Derrière les aventures du jeune héros qui écrit en free lance pour le journal populaire, il n'est pas impossible d'imaginer que Wilhelm Genazino a puisé dans ses souvenirs de journaliste débutant quelques souvenirs et anecdotes de salle de rédaction.
Ce roman se place dans le contexte de l'Allemagne d'après-guerre au temps du chancelier Adenauer. Comme on le conçoit aisément, les personnages secondaires sont presque tous marqués par la guerre, physiquement, moralement. Contraint par son métier d'assister à une soirée de spectacles d'amateurs le jeune journaliste juge comme autant de bêtises les joies simples du retour à des temps paisibles.
« Quand la terreur nazie s'est achevée, les Allemands sont entrés dans le silence de l'Histoire. Maintenant, ils ont le droit de découvrir l'existence de bonheurs simples (chapeaux de paille, sucreries, chaussures de plage) qui suffisent absolument pour vivre. Et comme tu ne connais la terreur nazie qu'à travers les livres, [se dit-il] tu ne peux pas comprendre le bonheur de ces gens (…) Pourquoi dans le bonheur qu'ils avaient fini par atteindre, les gens devenaient-ils si niais, si obtus et si sots ? »

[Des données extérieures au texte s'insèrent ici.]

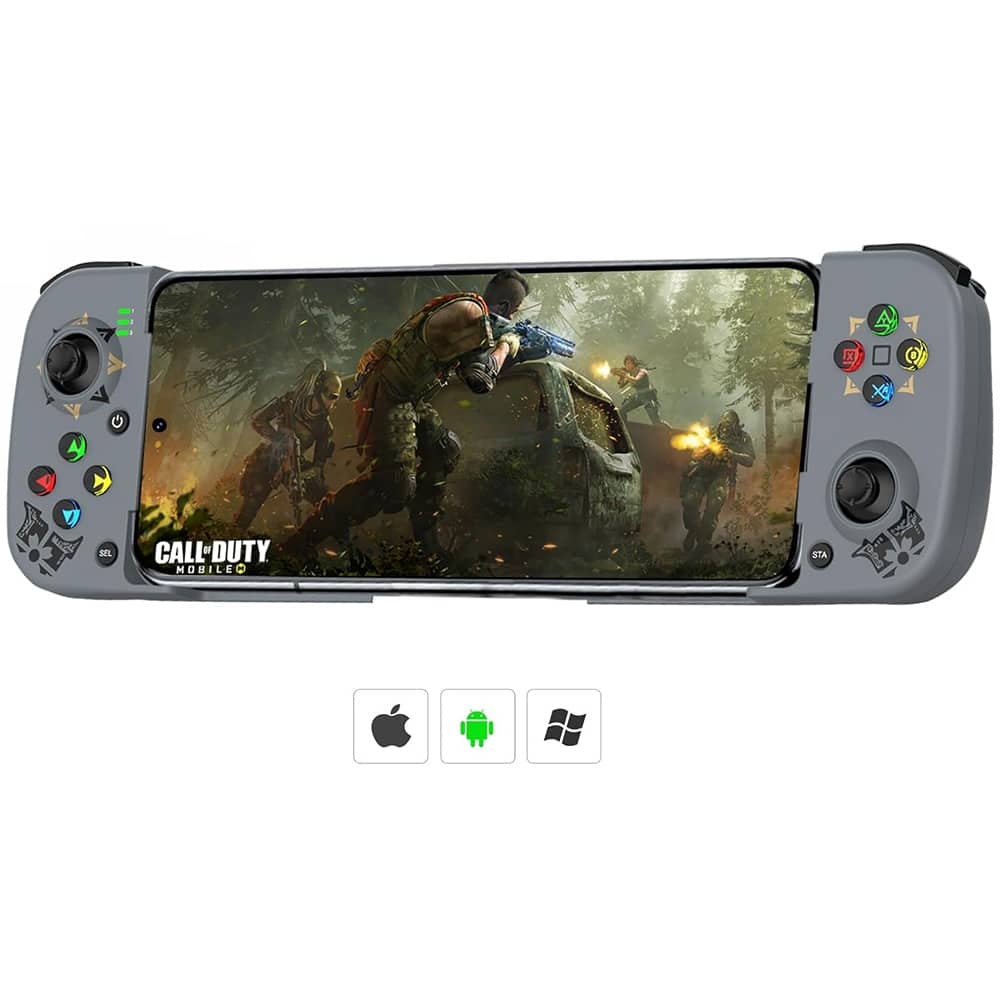 ACJPR - Mobile Game Controller, Compatible with iPhone/Android, for Call of Duty, Grey - Gray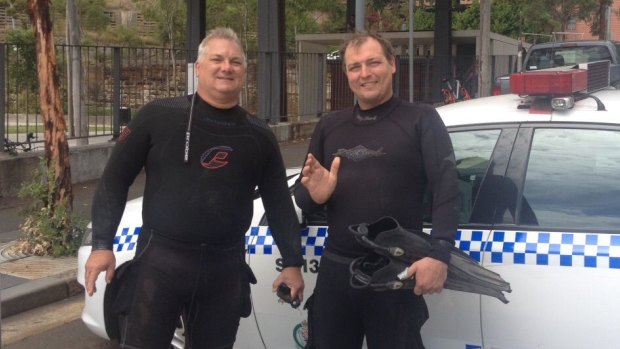 Newcastle diving enthusiasts Tony Strazzari and Paul Szerenga often search for old glassware in waters up and down the NSW coast.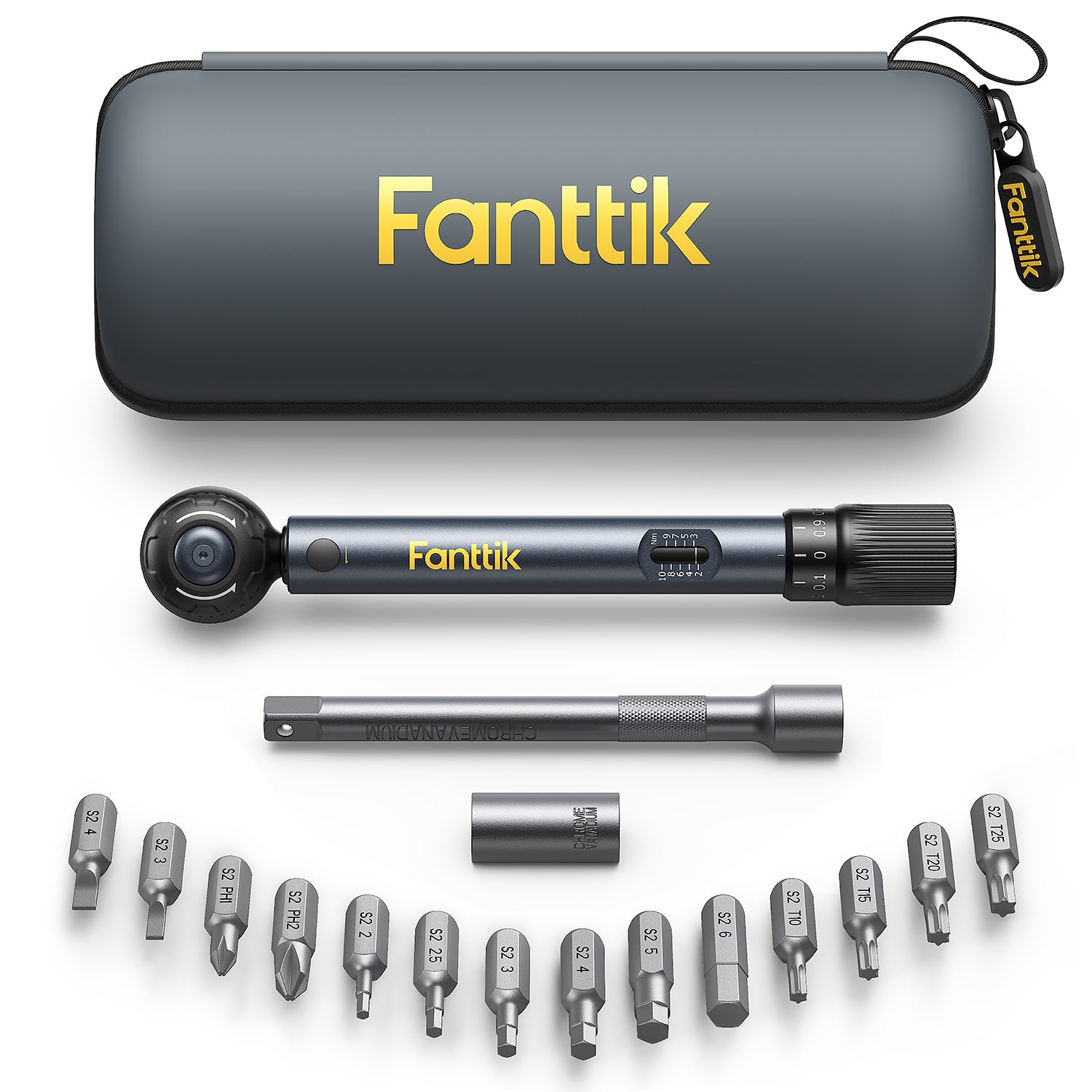 Fanttik WB10 Nova 1/4 Inch Drive Click Torque Wrench Set, 2-10 Nm, 14 Bits Dual-Direction Adjustable 72-Tooth Torque Wrench for Bike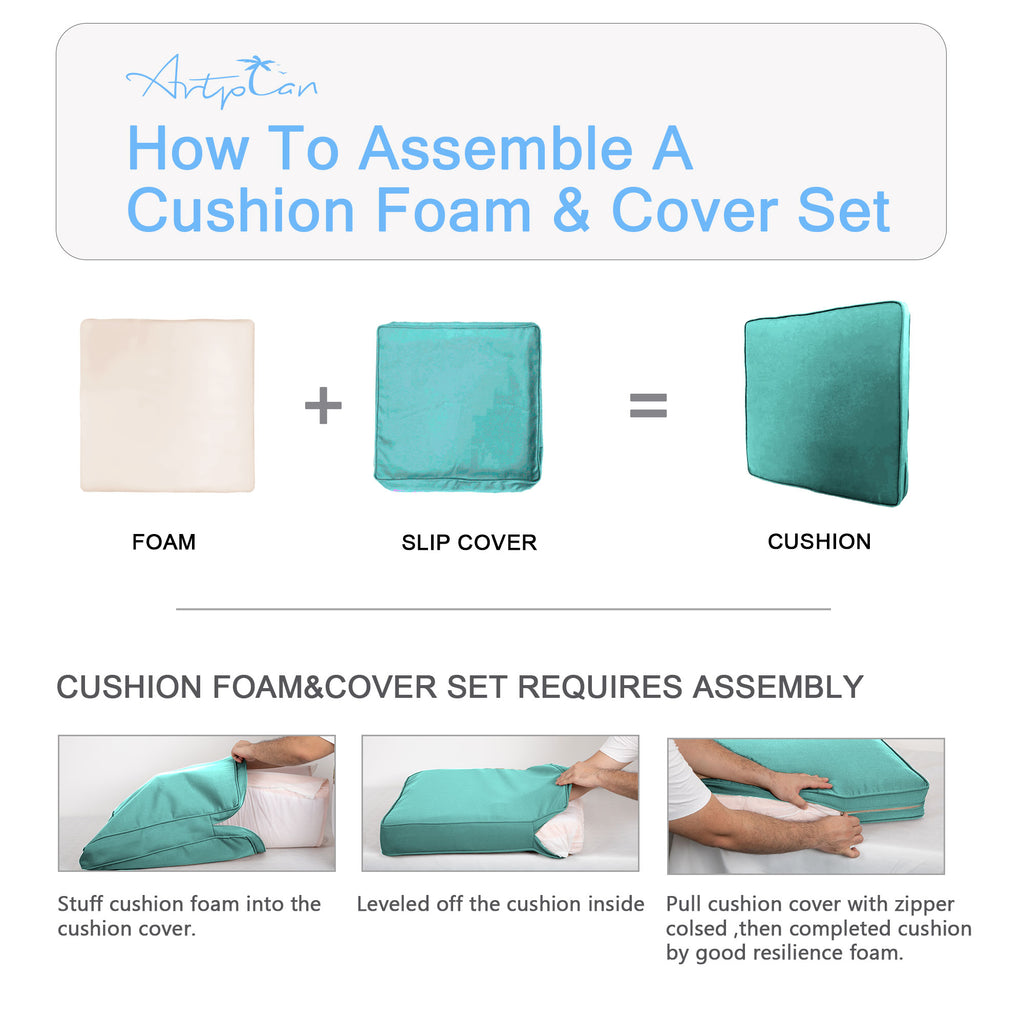ARTPLAN Patio Bench Cushions Set of 5, Outdoor Sofa Cushions | All-Weather Fabric | Lumbar Support Pillows | Waterproof & Fade-Resistant for Sectionals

Apprenti littérateur, le jeune Weigand, parce qu'il vit en familier de Franz Kafka et d'Heinrich Böll, se sent gêné de prendre conscience d'appartenir, croit-il, à un monde supérieur. « Déjà, je commençais à craindre la lente croissance de l'arrogance en moi. » Entre l'entreprise où il peut devenir contremaître et le journal où il peut devenir rédacteur, quel choix sera le sien ? Le lecteur risque de se tromper à vouloir le deviner ...
En bref, un petit roman agréable — et sans doute fort bien traduit — qui se lit rapidement mais qu'on risque d'oublier assez vite.
• Wilhelm Genazino. Un appartement, une femme, un roman. Traduit par Anne Weber. Christian Bourgois éditeur, 2004, 177 pages.